Ten raters (six female, four male), all mental health professionals, were invited to take part in the acceptability trial. This method is based on choosing between two words: the aim-word and a foil-word. Foil words were selected from the glossary list, with the sole criterion of having a different meaning from the target word. The acceptability trial presented herein is similar to that adopted for the original version of the RMET, which had only two word options.19 The results were analyzed for descriptiveness, looking for mistakes committed twice or more times. If the raters still disagreed with the target-word vs. picture match after the mistake was presented, the incorrect items were revised.
Once the acceptability trial was complete and all corrections had been made, the authors conducted a pilot study to look for problems in the RMET behavioral outcomes in a non-clinical sample. The pilot study was also an ARC recommendation, as previously described.
Pilot study
The final version of the RMET consisted of one block with 37 items (one item being the training trial) programmed on E-Prime 2.0 software. Each item began with a 500-ms presentation of the “+” sign in the center of the screen, which served as a fixation cue. Immediately following the termination of this display, the image stimuli (measuring 23.5 x 9.4 centimeters) were presented and kept on the screen until the participant responded (Figure 2). Unlike in the acceptability trial, the response was obtained using the DoHit Test function of E-Prime, which is a procedure to obtain responses with the mouse.

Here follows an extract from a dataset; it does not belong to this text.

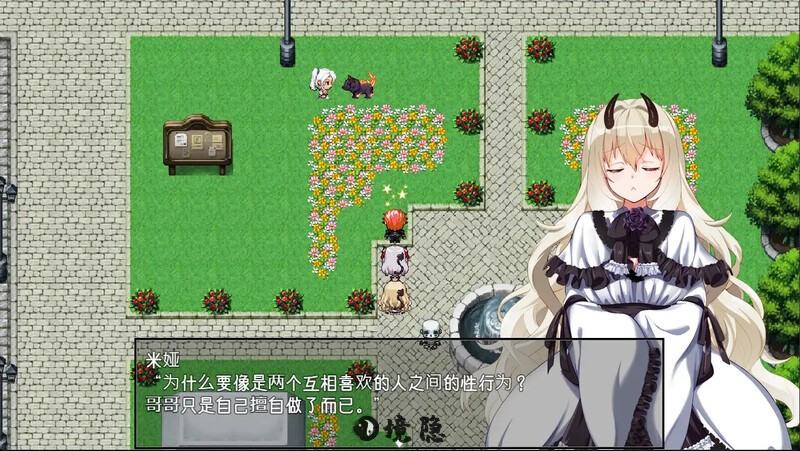 [日式RPG/后宫] 在恶魔面前大声说要做后宫 悪魔を前にしてハーレムを作ると叫んだもの V1.13 官方中文版+存档 [2.10G] 电脑游戏 第4张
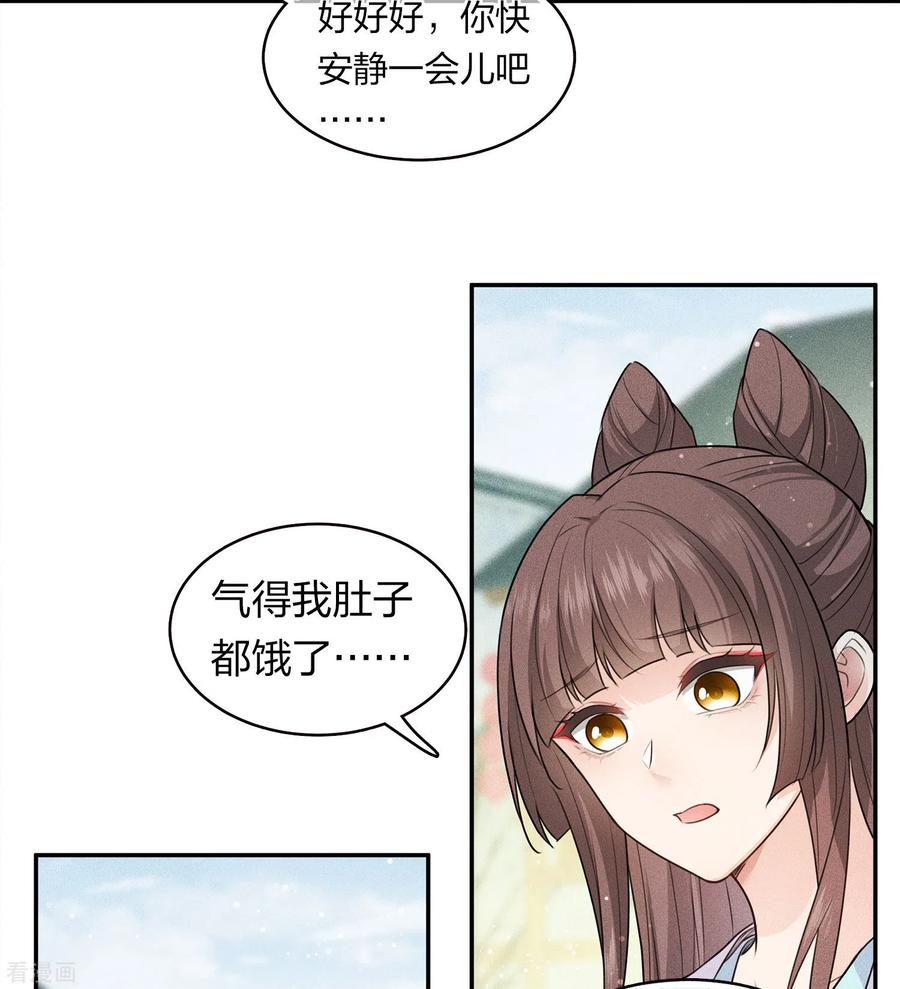 长相思 第91话 朵颐 第4页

The pilot study was conducted with a sample of 10 individuals (five male, five female), whose mean age was 26.19 (±3.02) years, mean educational attainment was 14.53 (±2.86) years, and mean monthly household income was US$5206.77 (±2110.07), which, in the Brazilian reality, is considered a high socioeconomic class. In the pilot study, pictures were presented with four options, one in each corner of the picture (one being the target word and the others being foils), as illustrated in Figure 2. Foil words were selected to be the correspondent ones from original version. Thus, the participant had to choose one option with the mouse.
The correction of this step was based on the Turkish adaptation of the RMET.25 As in this study, items that more than 50% of the sample had mistaken or those for which 25% of subjects or more had incorrectly selected the same foil option were corrected. Remaining conflicts were re-evaluated and re-tested using the whole sample.
Results
Semantic and conceptual translation
The previously planned steps were all completed, as presented in Table 1, which shows the original words, version 1, the back-translation, version 2, and the final version (completed after the acceptability trial and pilot study).

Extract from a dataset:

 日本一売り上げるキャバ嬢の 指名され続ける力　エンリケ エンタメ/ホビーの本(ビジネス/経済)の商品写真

Table 1 Main changes to instrument terms through the translation and adaptation process
Original words are copyrighted material owned by John Wiley & Sons, Inc.18
The process, however, was conducted with some difficulties. The major issue was the need to maintain the same number of words, which was critical in some cases. Faced with this situation, the authors had two options: a) to use words which were not so common in standard Brazilian Portuguese; or b) to use fewer words than the original version of the RMET. Since the instructions permitted the respondent to use a glossary to recognize words clearly, the authors decided on option “a.” However, exceptions remained due to the limited number of synonyms in Portuguese. Therefore, eight words were repeated in version 1, three in version 2, and four in the final version.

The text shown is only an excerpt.